Toyota Mirai running costs
|Insurance group||Warranty||Service intervals||2020/21 company-car tax cost|
|N/a||5yrs / 100,000 miles||12 months||TBC|
If you want to impress the neighbours with the first fuel-cell car on your street, it’s going to cost you. Buy a Mirai outright and the sticker cost of £66,000 puts it head-to-head with some impressive plug-in hybrid and battery-powered electric rivals.
There’s a bit of good news in the fact that Toyota’s £750-a-month lease also includes fuel. That seems expensive, but when you knock off the £200 or so Toyota reckons users might typically spend at the hydrogen pump, the £500 left over isn’t so savage compared to rates for similarly specified executive cars. If you want to drive on batteries, it’s about the same cost per month as the Tesla Model S.
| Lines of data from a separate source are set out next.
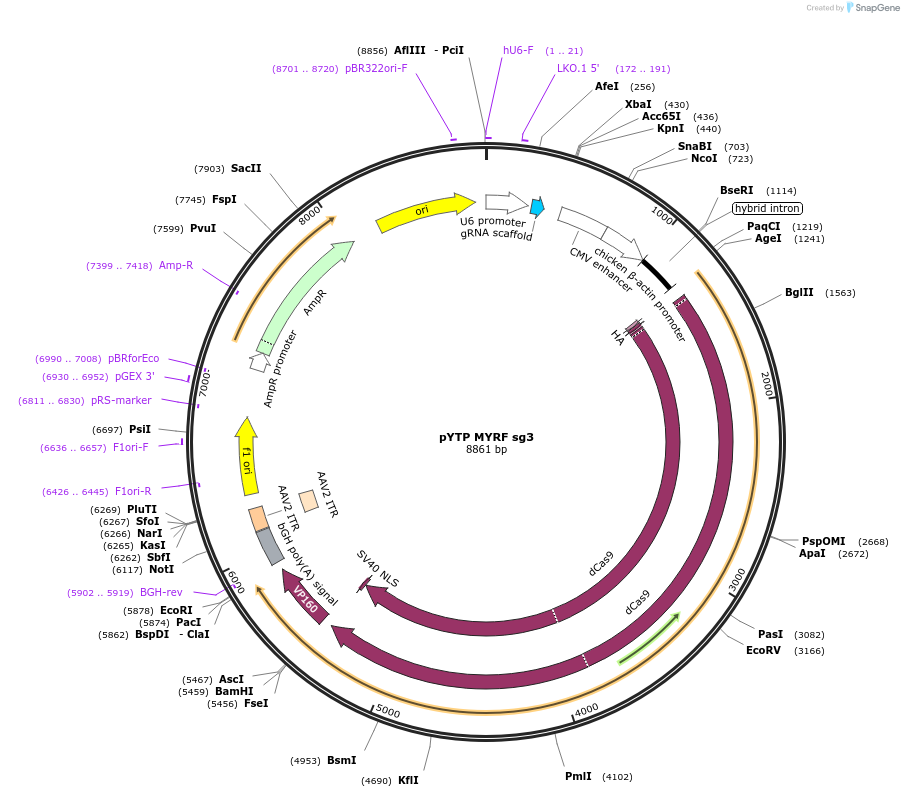 88859-plasmid-map-sequence-id-172480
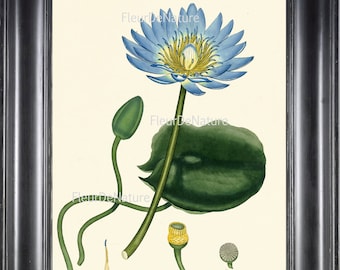 BOTANICAL PRINT ANDREWS 8x10 Botanical Art Print 27 Antique Blue Water Lily Lotus Lake River Nature Flower to Frame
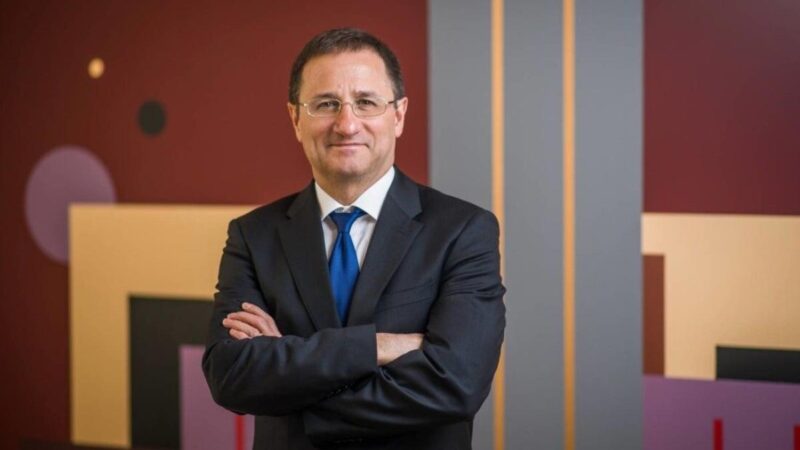 Hasít a Wallis, Bajnai Gordon pénzemberének cégcsoportja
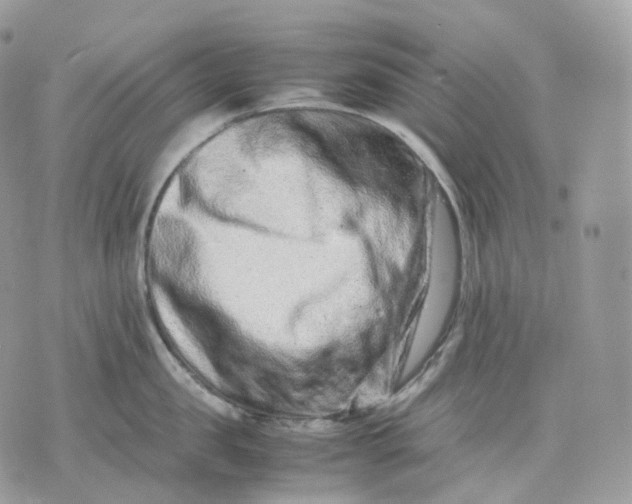 X0000075360957200609291457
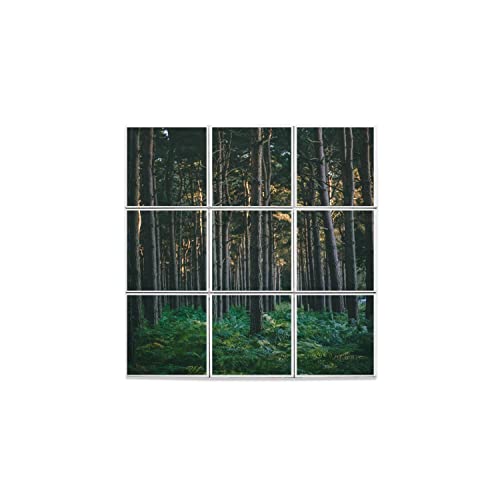 Carreaux céramique décoratif premium forêt de pins couverte de fougères x9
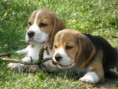 /album/fotogalerie-bigl-beagle-/a1521020ddb-53878262-o2-jpg/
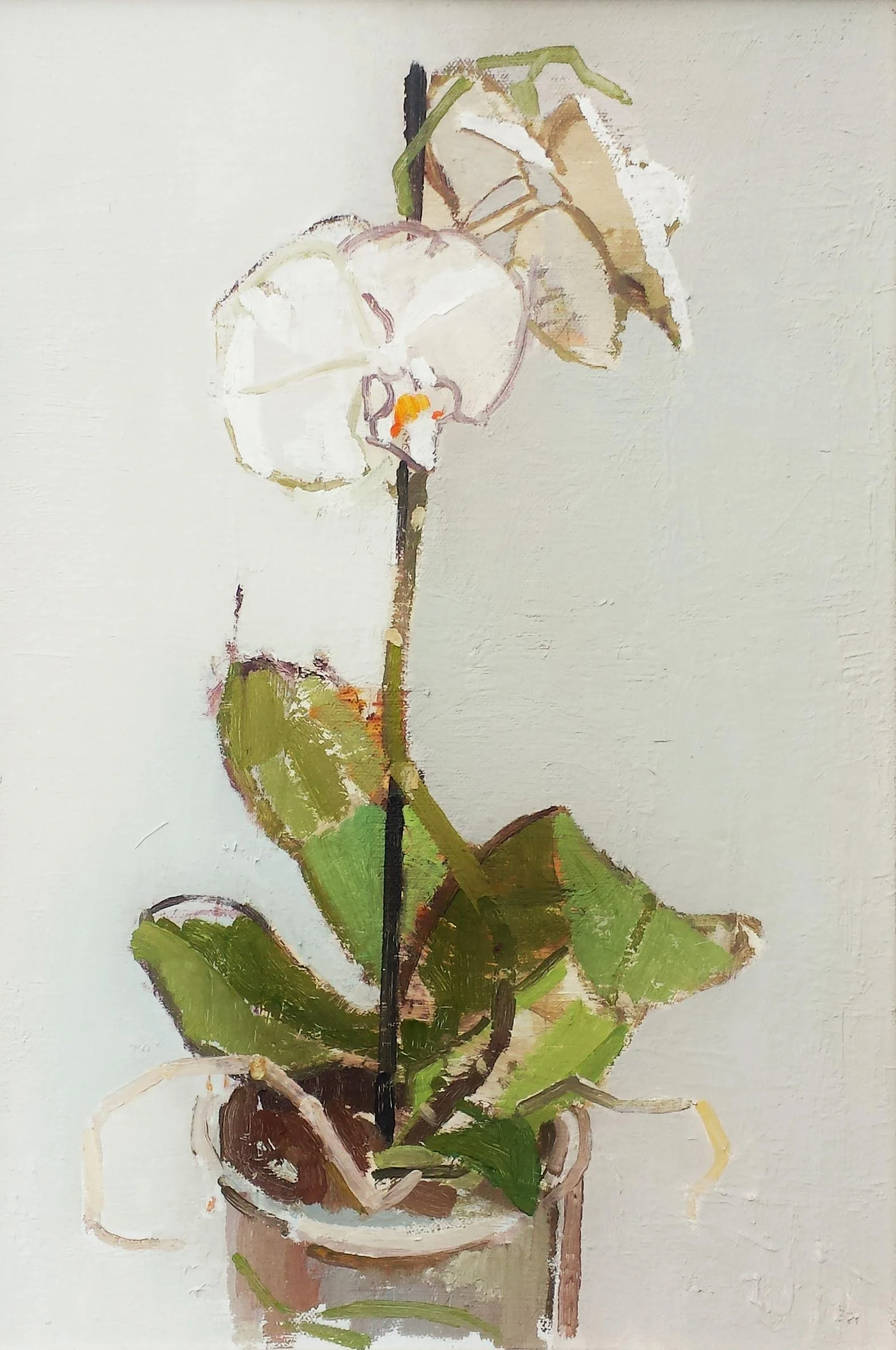 40 x 30 cm Orchid, Oil on Canvas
Without a Toyota hydrogen fuel card, you’d likely pay around £12/kg for fuel, which adds up to £60 for a full tank. Factor in a 300-mile range, and that’s where the cost-equivalence with a 40mpg (real-world) petrol saloon comes in, so you get nothing like the running cost benefits of today’s battery-powered electric cars, in fact the Mirai will be more expensive to fuel per-mile than an efficient diesel.
The Benefit-in-Kind tax rate for company-car drivers is low at 9%, and with zero tailpipe emissions, the Mirai will be exempt from the London Congestion Charge until 2025. Even so, the purchase cost, fuel costs that are high compared to battery electric vehicles, and with depreciation that's unpredictable at best makes for an expensive ownership proposition.
Toyota Mirai insurance group
The Toyota Mirai hasn’t been given an insurance-group rating, so you’ll need to discuss the cost of cover with your broker.
The Toyota standard warranty of five years or 100,000 miles applies to the Mirai, and you can bump up the battery warranty a year at a time after that to a maximum of 10 years – if you keep the service record up to date.
The Toyota Mirai needs an annual service check, but under the terms of the lease deal everything’s included. That said, long-term service and maintenance should be lower for fuel-cell cars than petrol or diesel equivalents.
The fuel-cell itself has no moving parts and is designed to outlast the car, so apart from a couple of specific checks – a water de-ionising filter needs replacing every 30,000-miles and there’s a procedure to check hydrogen leak sensors – it’s all about brakes, tyres and windscreen wipers.
Zero tailpipe emissions means the Mirai currently attracts zero road tax.